Dataset extract: Begin

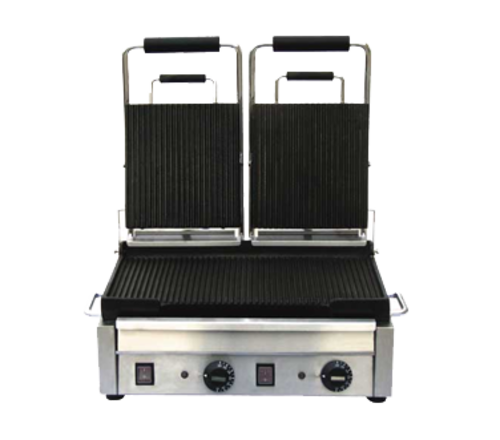 Omcan 19937 10 Inch Electric Panini Grill Dual Grooved Cast Iron 10 to 18 Inch
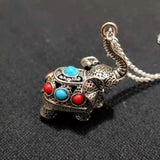 Tibetan Silver Elephant Pendant Red Turquoise Inlay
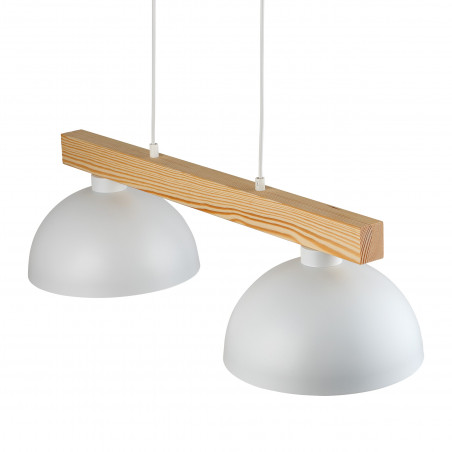 Lampa wisząca Oslo | Skandynawska, biała z drewnem | TK Lighting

Dataset extract: End

■ Work order ■
Your output must reproduce the material above in full, with no pictures.

■ Response to the task ■
 Omcan 19937 10 Inch Electric Panini Grill Dual Grooved Cast Iron 10 to 18 Inch
 Tibetan Silver Elephant Pendant Red Turquoise Inlay
 Lampa wisząca Oslo | Skandynawska, biała z drewnem | TK Lighting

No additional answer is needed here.